■ Required work: Output every entry exactly as written, skipping any pictures.

■ Information supplied:
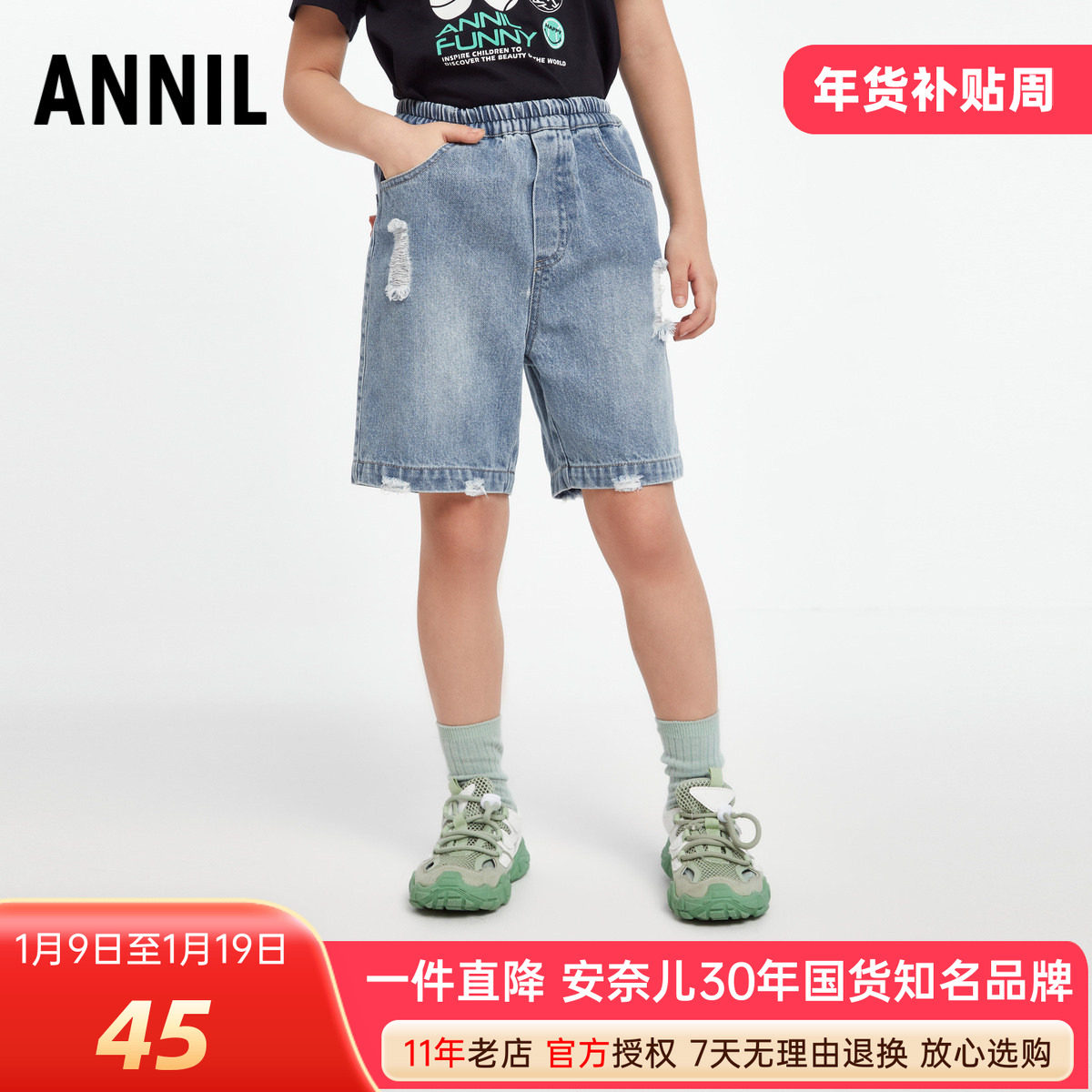 安奈儿女童装破洞牛仔短裤2024夏新款纯棉休闲裤柔软透气潮酷百搭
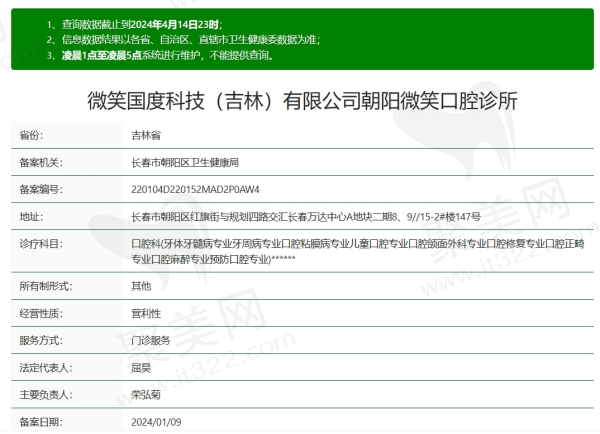 长春微笑国度口腔资质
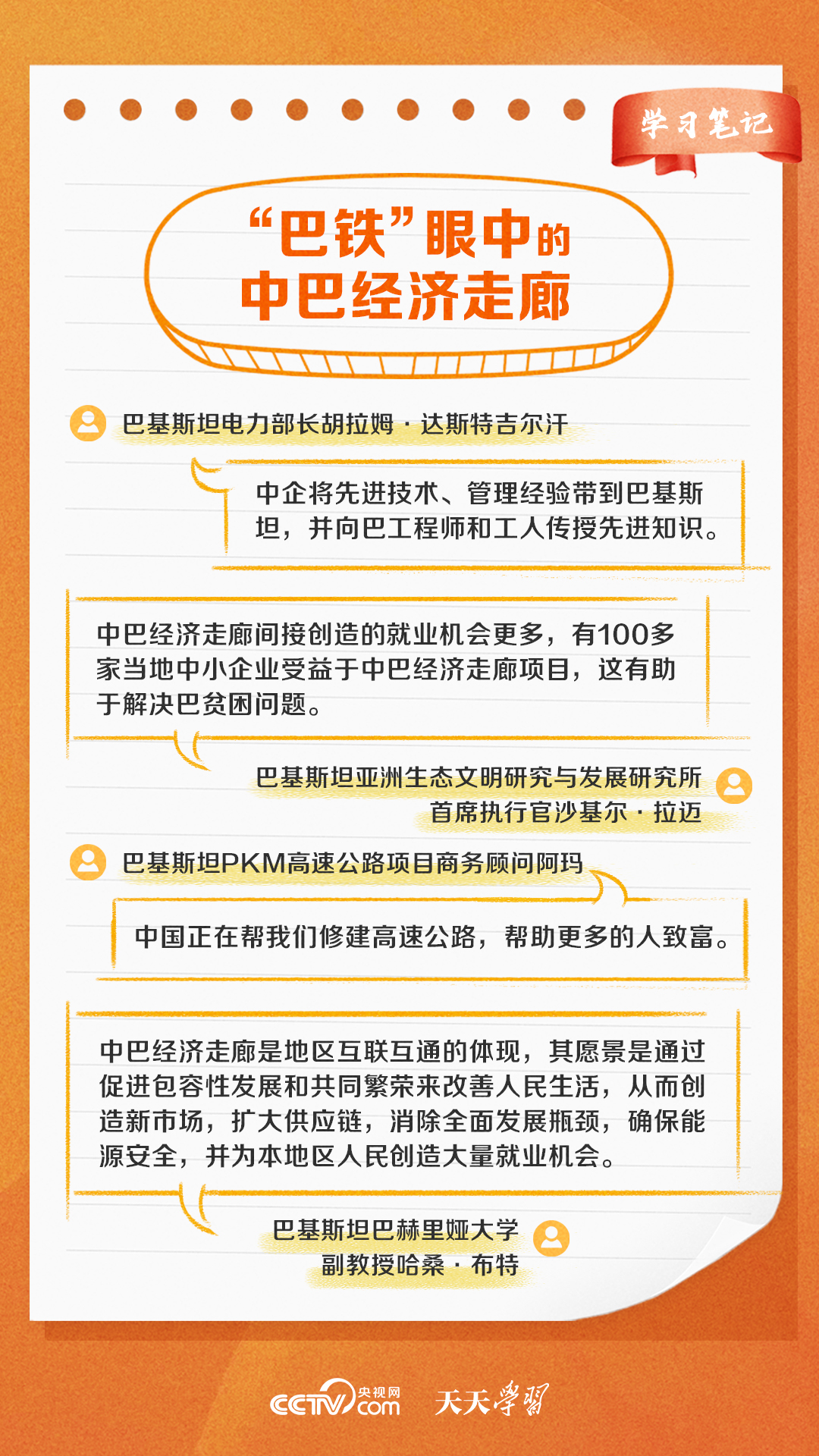 2024新澳门天天开好彩大全孔的五伏,标杆解答落实解释_独特款5.469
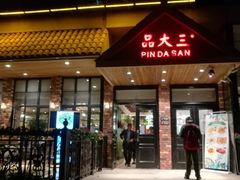 门面-品大三——南京菜(大行宫店)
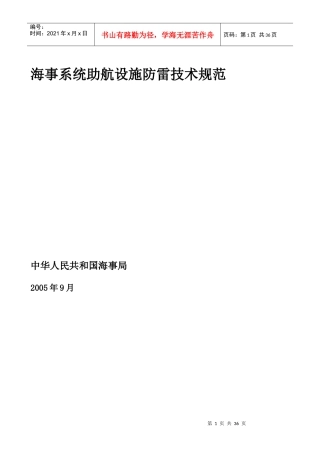 海事系统助航设施防雷技术规范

■ Solution to this exercise:
 安奈儿女童装破洞牛仔短裤2024夏新款纯棉休闲裤柔软透气潮酷百搭
 长春微笑国度口腔资质
 2024新澳门天天开好彩大全孔的五伏,标杆解答落实解释_独特款5.469
 门面-品大三——南京菜(大行宫店)
 海事系统助航设施防雷技术规范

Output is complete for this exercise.